Malumunuz bu Süleymaniye bölgesi yenileme alanı uzun yıllardır hak ettiği hüviyeti kazanamadı. İstanbul’un en değerli noktalarından bir tanesi olmasına rağmen hala şu anda biz burada bir yurdumuzu eylül ayında açtık. Buraya 100 kadar öğrencimiz geliyorlar, gidiyorlar ama maalesef etraf çok emniyetli bir yer değil ve insanların gelip gitmek istediği bir yer olmaktan çok uzak. Ama bu tür projeler bu bölgenin hak ettiği hüviyeti kazanmasına aslında önayak olacak. Onun için o günden bugüne tabii uzun bir süreçten bahsediyoruz. Fatih Belediye Başkanımız hakikaten bu projeye önem verdi.

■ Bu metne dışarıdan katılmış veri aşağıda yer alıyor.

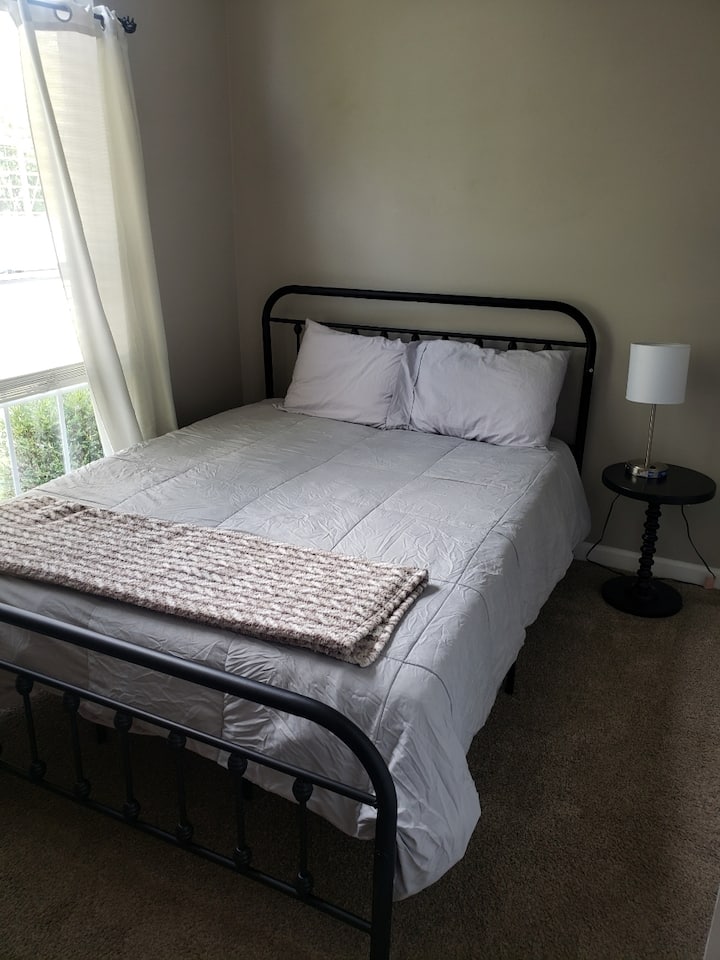 Segundo dormitorio con una cama de matrimonio.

Yani niye bu Ramazan vakti bunu yapıyoruz? Çünkü izinlerimiz, imzalar çıkar çıkmaz biz hemen başlama karar verdik ve bütün bu süreçler yeni tamamlandığı için adımımızı atıyoruz. İnşallah burada üniversitemizin özellikle sürekli eğitim merkezi yüksek lisans, doktora programları, halka açık, yabancı dil programları ve sosyal kuluçka merkezimiz olacak ve gerçekten buraya gelen akademisyenler, öğrenciler çok üst düzey akademik çalışma yapan insanlar bu bölgeye değer katacaklar. Böylesine kıymetli bir nokta. Unkapanı’na ismini veren yerdeyiz elbette. Buranın eski haşmetiyle yeniden hayata geçmesi bu bölgedeki dönüşümün de belki de habercisi olacaktır” dedi.

“Süleymaniye Camisi ve çevresi bana göre medeniyet değerlerimiz açısından en müstesna yer”

Süleymaniye camisi ve çevresinin medeniyet değerleri açısından en müstesna yer olduğunu söyleyen Fatih Belediye Başkanı Turan, “Bugün gerçekten görev yaptığım dönem içerisinde mutlu olduğum günlerden bir tanesi. Unkapanı Değirmenin’de yapılan proje doğrultusunda inşallah hayata geçirileceği bir adımın öncesinde olmak gerçekten heyecan verici. Bu bölge çok uzun yıllardır adeta cezalandırılmış, sanki bu proje buranın mektepleşmesi için yaptırılmış ve bizim medeniyetimize ait en müstesna izlerin silindiği bir proje haline gelmiş ve bugün gerçekten o gerçekleşmiş. Burada bu projenin arkasında yüksek bir iradeyle Süleymaniye ayağa kalksın. Çünkü hepimiz bu bilinçteyiz. Süleymaniye Camisi ve çevresi bana göre medeniyet değerlerimiz açısından en müstesna yer. Fakat bölge bir metruk alan olarak yani yaklaşık 25-30 yıldır bir metruk bölge olarak duruyor” ifadelerini kullandı.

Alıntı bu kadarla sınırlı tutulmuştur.